* YOUR OBJECTIVE *
Data follows below. Repeat exactly the lines between the line holding "score_9, score_8_up, score_7_up,anime_source, source_anime, best" and the line holding "(JAPAN bedroom:1.2), (((extremely", inclusive, and nothing more; drop pictures.

* TASK INPUTS *
○ ○ ○ ○ ○ ○ ○

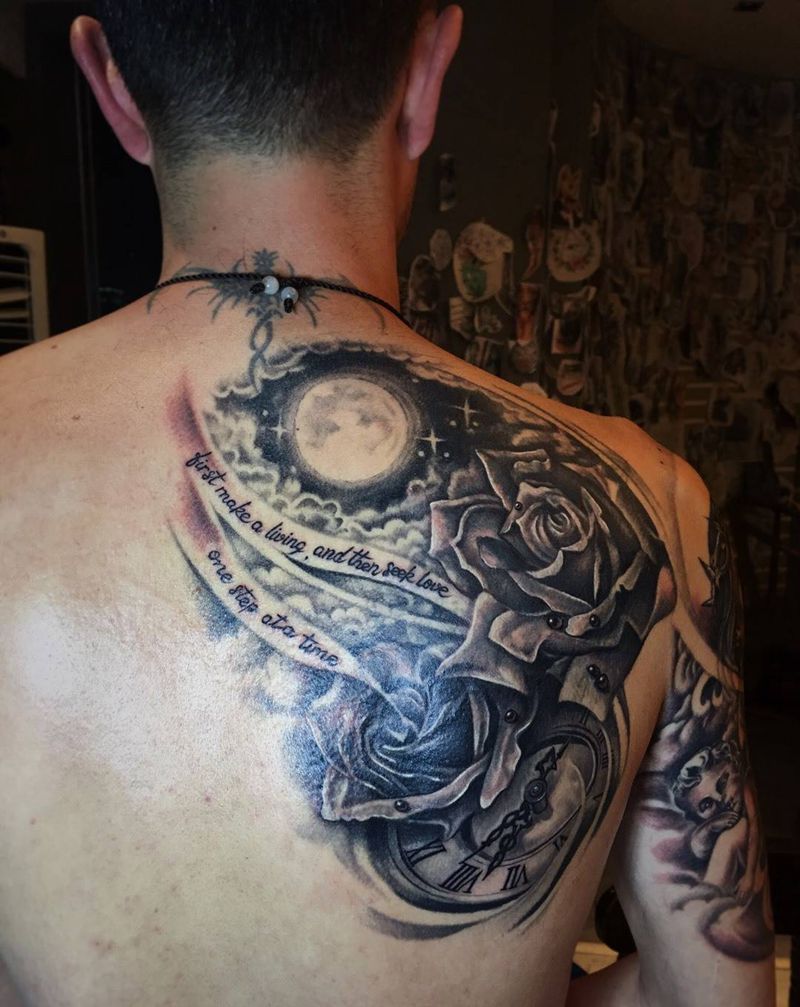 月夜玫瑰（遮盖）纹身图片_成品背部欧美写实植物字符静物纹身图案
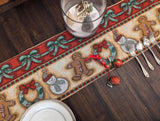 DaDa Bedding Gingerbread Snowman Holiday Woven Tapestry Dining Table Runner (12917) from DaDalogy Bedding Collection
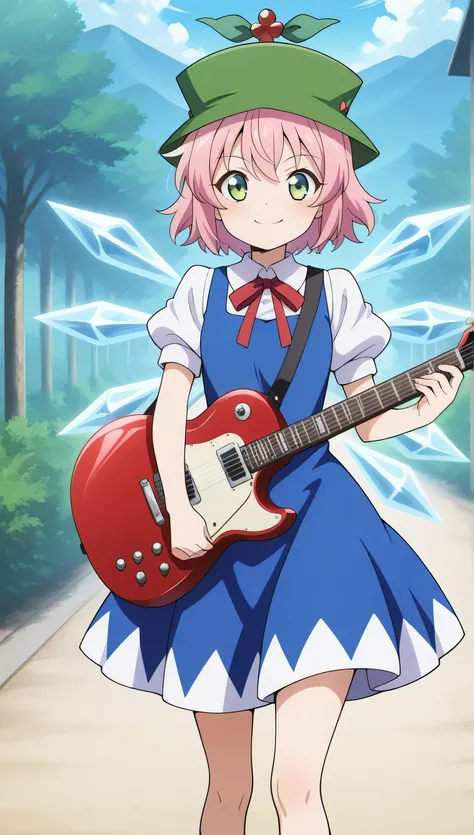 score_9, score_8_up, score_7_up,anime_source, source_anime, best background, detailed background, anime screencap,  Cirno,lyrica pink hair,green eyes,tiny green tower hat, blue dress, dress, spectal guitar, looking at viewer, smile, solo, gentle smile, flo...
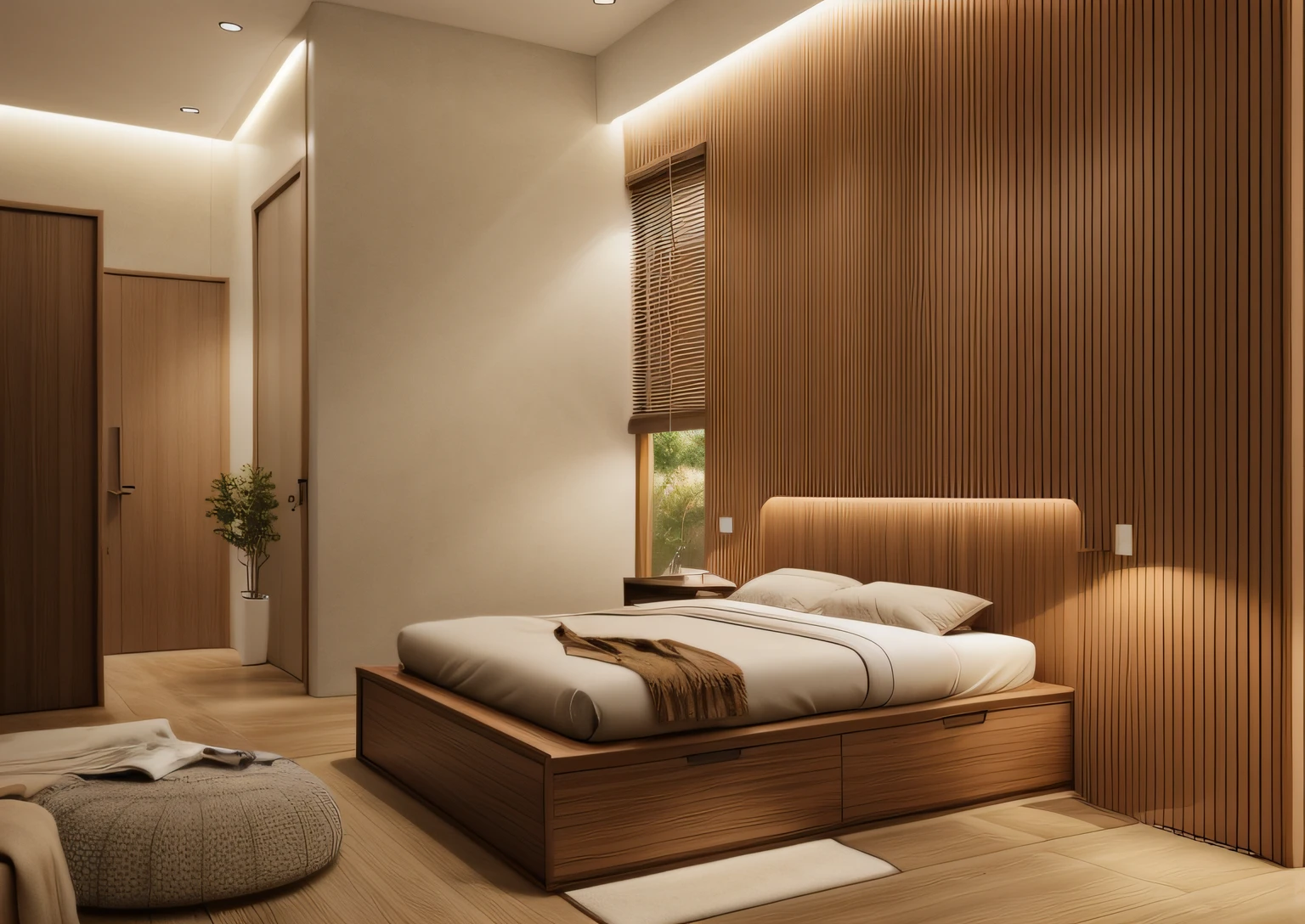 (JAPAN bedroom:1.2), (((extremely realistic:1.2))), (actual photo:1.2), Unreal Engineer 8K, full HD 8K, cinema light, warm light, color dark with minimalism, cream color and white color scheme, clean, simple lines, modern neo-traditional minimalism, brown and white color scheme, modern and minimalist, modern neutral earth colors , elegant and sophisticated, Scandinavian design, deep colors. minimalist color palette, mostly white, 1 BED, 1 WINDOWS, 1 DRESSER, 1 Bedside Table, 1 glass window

○ ○ ○ ○ ○ ○ ○

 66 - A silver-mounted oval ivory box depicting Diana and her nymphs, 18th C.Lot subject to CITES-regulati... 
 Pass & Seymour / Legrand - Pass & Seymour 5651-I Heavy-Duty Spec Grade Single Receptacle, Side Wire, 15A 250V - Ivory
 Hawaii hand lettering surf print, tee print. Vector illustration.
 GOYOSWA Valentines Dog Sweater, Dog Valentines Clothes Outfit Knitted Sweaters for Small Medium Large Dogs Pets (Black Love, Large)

○ ○ ○ ○ ○ ○ ○

* RESULT OF THE EXERCISE *
 score_9, score_8_up, score_7_up,anime_source, source_anime, best background, detailed background, anime screencap,  Cirno,lyrica pink hair,green eyes,tiny green tower hat, blue dress, dress, spectal guitar, looking at viewer, smile, solo, gentle smile, flo...
 (JAPAN bedroom:1.2), (((extremely realistic:1.2))), (actual photo:1.2), Unreal Engineer 8K, full HD 8K, cinema light, warm light, color dark with minimalism, cream color and white color scheme, clean, simple lines, modern neo-traditional minimalism, brown and white color scheme, modern and minimalist, modern neutral earth colors , elegant and sophisticated, Scandinavian design, deep colors. minimalist color palette, mostly white, 1 BED, 1 WINDOWS, 1 DRESSER, 1 Bedside Table, 1 glass window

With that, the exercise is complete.